Work to be completed
For the entries that follow, retype exactly the lines from the one containing "video close-up of a moroccan kilim rug" to the one containing "Tech News Today 1825: Google's AMP Stamp", inclusive, and only those. Images stay out of the copy.

Records shown

__________________________________________________

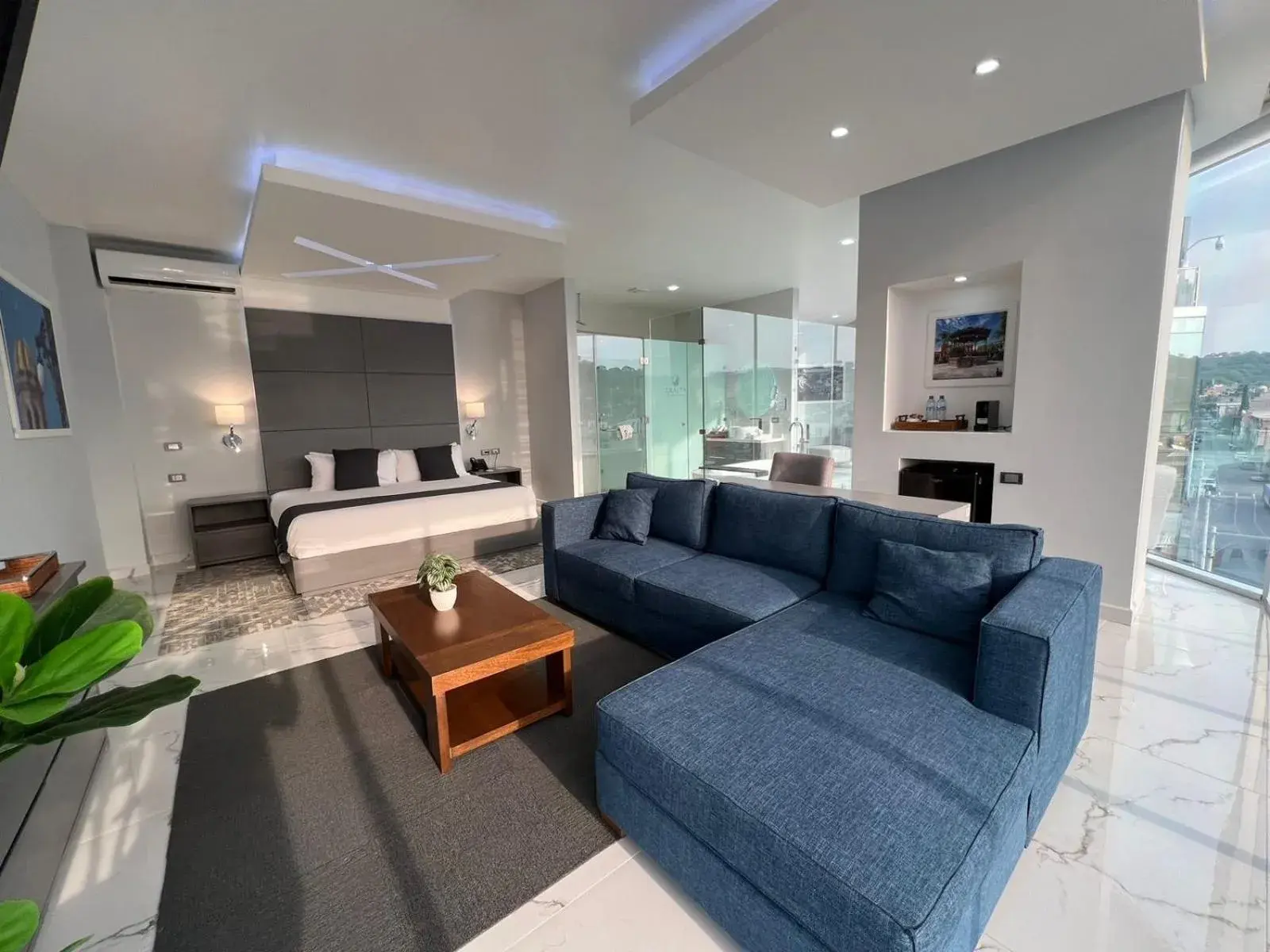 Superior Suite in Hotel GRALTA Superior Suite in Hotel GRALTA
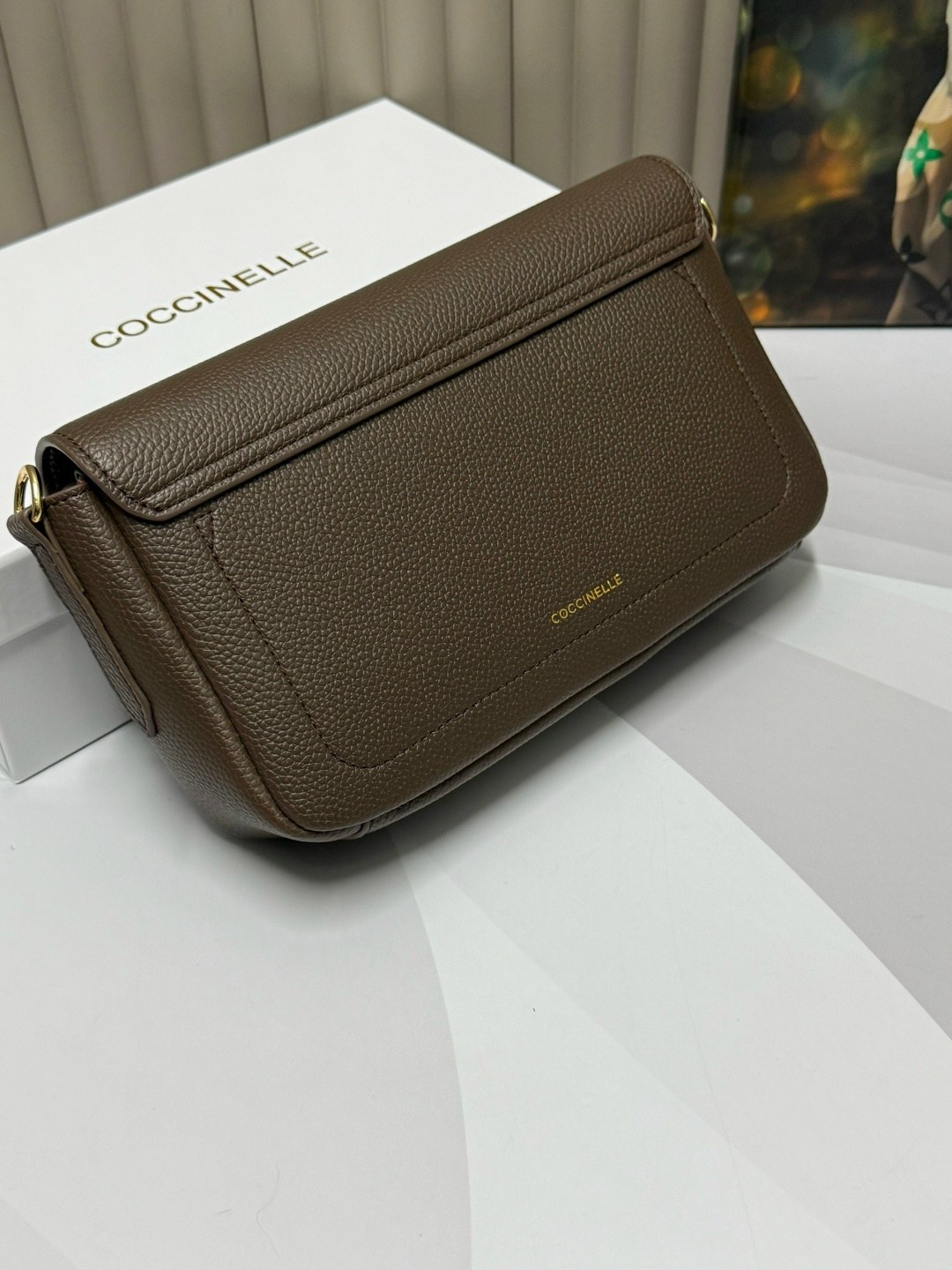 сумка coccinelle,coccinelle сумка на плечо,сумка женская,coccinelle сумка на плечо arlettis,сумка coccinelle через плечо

__________________________________________________

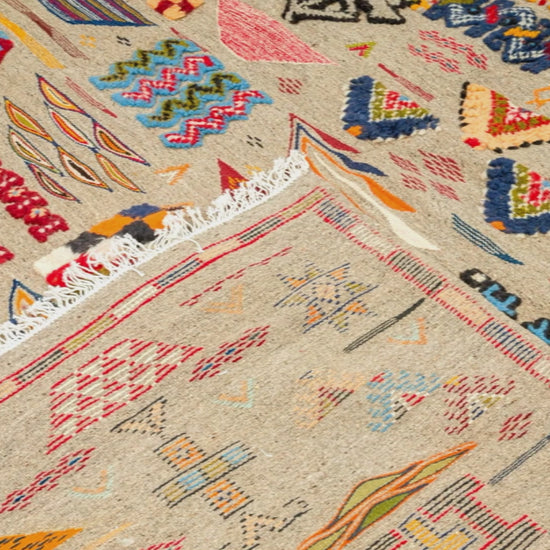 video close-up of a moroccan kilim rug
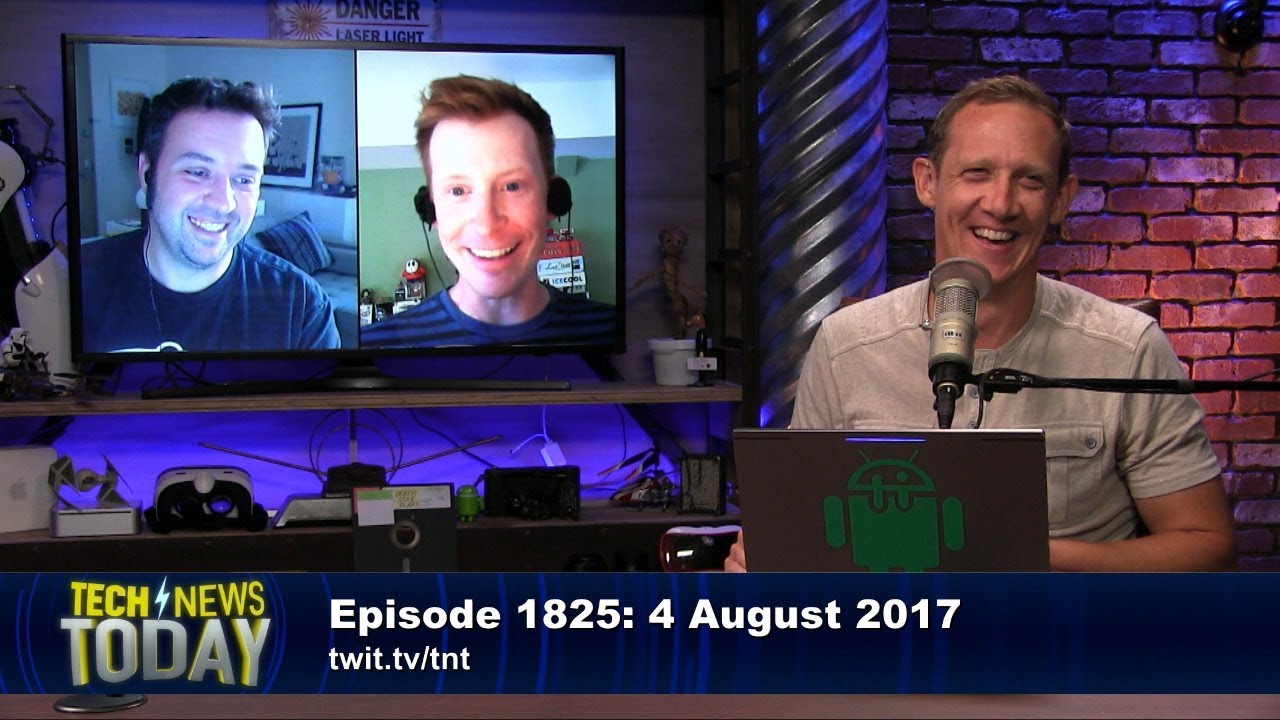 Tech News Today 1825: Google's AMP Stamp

__________________________________________________

Answer space
 video close-up of a moroccan kilim rug
 Tech News Today 1825: Google's AMP Stamp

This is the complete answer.